The initial goal of PigMix was definitely to give the project a way to
measure itself against MapReduce and between different versions of
releases. So that falls into your synthetic category.
That said, if adding a field enables extending the bench mark into new
territory and makes it more useful then that seems like a clear win.
Alan.
Keren Ouaknine <mailto:[email protected]>
July 14, 2015 at 12:44
Hi,
I am working on expanding the PigMix benchmark.
I am interested to add queries matching more realistic use cases, such as
finding what are the highest revenue of a page or what is the burst of
activity for a specific page. Additionally, I would like to add OLTP-like
queries such as finding other users from the same neighborhood looking
at a
specific page.
The current PigMix table does not have an id for a page access (see
details
on page_views here
<https://cwiki.apache.org/confluence/display/PIG/PigMix>).
Therefore I cannot run the above queries.
I am wondering why was this field omitted from the schema of page_views?
It seems a fundamental field for all aggregation queries on page_views.

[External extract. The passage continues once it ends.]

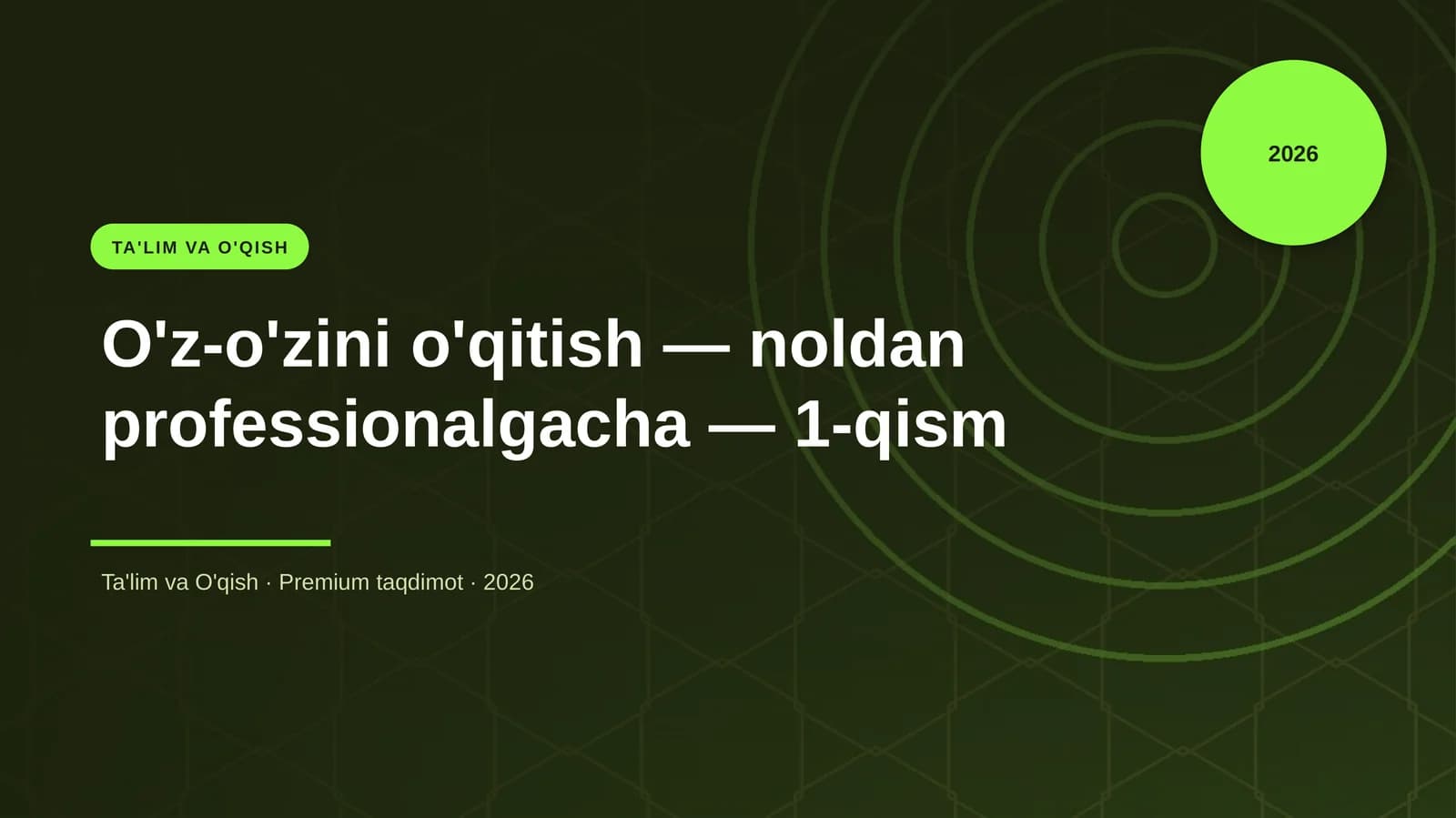 O'z-o'zini o'qitish — noldan professionalgacha — 1-qism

I see two options: either there is another use case that this schema
targets (what is it?) or the benchmark's goal is not to target real use
cases and is merely oriented towards a synthetic performance and
measurement goal.
Any ideas?
Thank you,
Keren
PS: I sent this email to both the devs and users' mailing list, not to
spam us :) but because these queries are both a users and a development
concern.